● **Task details**: The entire listing below needs to be transcribed word for word.

● **Task inputs**:
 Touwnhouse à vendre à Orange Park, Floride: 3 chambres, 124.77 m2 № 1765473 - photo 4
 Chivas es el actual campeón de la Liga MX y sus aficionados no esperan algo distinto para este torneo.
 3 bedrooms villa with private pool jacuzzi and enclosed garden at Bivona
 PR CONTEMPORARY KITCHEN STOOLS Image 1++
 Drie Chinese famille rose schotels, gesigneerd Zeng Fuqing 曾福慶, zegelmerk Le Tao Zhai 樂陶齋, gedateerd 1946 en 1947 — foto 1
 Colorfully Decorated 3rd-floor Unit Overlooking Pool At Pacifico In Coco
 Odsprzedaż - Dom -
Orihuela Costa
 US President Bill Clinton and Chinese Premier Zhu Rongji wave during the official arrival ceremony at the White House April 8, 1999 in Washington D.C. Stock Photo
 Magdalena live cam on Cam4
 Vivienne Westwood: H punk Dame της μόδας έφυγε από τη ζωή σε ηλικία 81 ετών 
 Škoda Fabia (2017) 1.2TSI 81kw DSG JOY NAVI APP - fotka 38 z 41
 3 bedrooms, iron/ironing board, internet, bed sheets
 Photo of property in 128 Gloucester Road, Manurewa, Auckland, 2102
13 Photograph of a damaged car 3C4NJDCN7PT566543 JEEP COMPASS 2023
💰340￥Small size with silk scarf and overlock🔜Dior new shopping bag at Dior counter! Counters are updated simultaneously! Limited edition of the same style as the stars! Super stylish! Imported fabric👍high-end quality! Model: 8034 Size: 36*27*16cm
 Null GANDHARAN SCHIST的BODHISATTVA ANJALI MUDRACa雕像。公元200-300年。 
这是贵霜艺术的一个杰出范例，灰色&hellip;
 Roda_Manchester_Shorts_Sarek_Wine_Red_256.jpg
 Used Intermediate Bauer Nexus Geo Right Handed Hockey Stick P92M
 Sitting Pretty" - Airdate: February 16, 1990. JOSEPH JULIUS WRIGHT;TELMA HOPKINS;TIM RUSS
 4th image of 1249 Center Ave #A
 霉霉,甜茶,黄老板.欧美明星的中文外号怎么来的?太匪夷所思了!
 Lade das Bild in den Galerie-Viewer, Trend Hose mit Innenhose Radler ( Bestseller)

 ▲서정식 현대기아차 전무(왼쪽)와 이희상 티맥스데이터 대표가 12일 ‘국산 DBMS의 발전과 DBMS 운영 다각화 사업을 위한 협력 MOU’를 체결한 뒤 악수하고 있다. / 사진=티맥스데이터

● **Output of the task**:
 Touwnhouse à vendre à Orange Park, Floride: 3 chambres, 124.77 m2 № 1765473 - photo 4
 Chivas es el actual campeón de la Liga MX y sus aficionados no esperan algo distinto para este torneo.
 3 bedrooms villa with private pool jacuzzi and enclosed garden at Bivona
 PR CONTEMPORARY KITCHEN STOOLS Image 1++
 Drie Chinese famille rose schotels, gesigneerd Zeng Fuqing 曾福慶, zegelmerk Le Tao Zhai 樂陶齋, gedateerd 1946 en 1947 — foto 1
 Colorfully Decorated 3rd-floor Unit Overlooking Pool At Pacifico In Coco
 Odsprzedaż - Dom -
Orihuela Costa
 US President Bill Clinton and Chinese Premier Zhu Rongji wave during the official arrival ceremony at the White House April 8, 1999 in Washington D.C. Stock Photo
 Magdalena live cam on Cam4
 Vivienne Westwood: H punk Dame της μόδας έφυγε από τη ζωή σε ηλικία 81 ετών 
 Škoda Fabia (2017) 1.2TSI 81kw DSG JOY NAVI APP - fotka 38 z 41
 3 bedrooms, iron/ironing board, internet, bed sheets
 Photo of property in 128 Gloucester Road, Manurewa, Auckland, 2102
13 Photograph of a damaged car 3C4NJDCN7PT566543 JEEP COMPASS 2023
💰340￥Small size with silk scarf and overlock🔜Dior new shopping bag at Dior counter! Counters are updated simultaneously! Limited edition of the same style as the stars! Super stylish! Imported fabric👍high-end quality! Model: 8034 Size: 36*27*16cm
 Null GANDHARAN SCHIST的BODHISATTVA ANJALI MUDRACa雕像。公元200-300年。 
这是贵霜艺术的一个杰出范例，灰色&hellip;
 Roda_Manchester_Shorts_Sarek_Wine_Red_256.jpg
 Used Intermediate Bauer Nexus Geo Right Handed Hockey Stick P92M
 Sitting Pretty" - Airdate: February 16, 1990. JOSEPH JULIUS WRIGHT;TELMA HOPKINS;TIM RUSS
 4th image of 1249 Center Ave #A
 霉霉,甜茶,黄老板.欧美明星的中文外号怎么来的?太匪夷所思了!
 Lade das Bild in den Galerie-Viewer, Trend Hose mit Innenhose Radler ( Bestseller)

 ▲서정식 현대기아차 전무(왼쪽)와 이희상 티맥스데이터 대표가 12일 ‘국산 DBMS의 발전과 DBMS 운영 다각화 사업을 위한 협력 MOU’를 체결한 뒤 악수하고 있다. / 사진=티맥스데이터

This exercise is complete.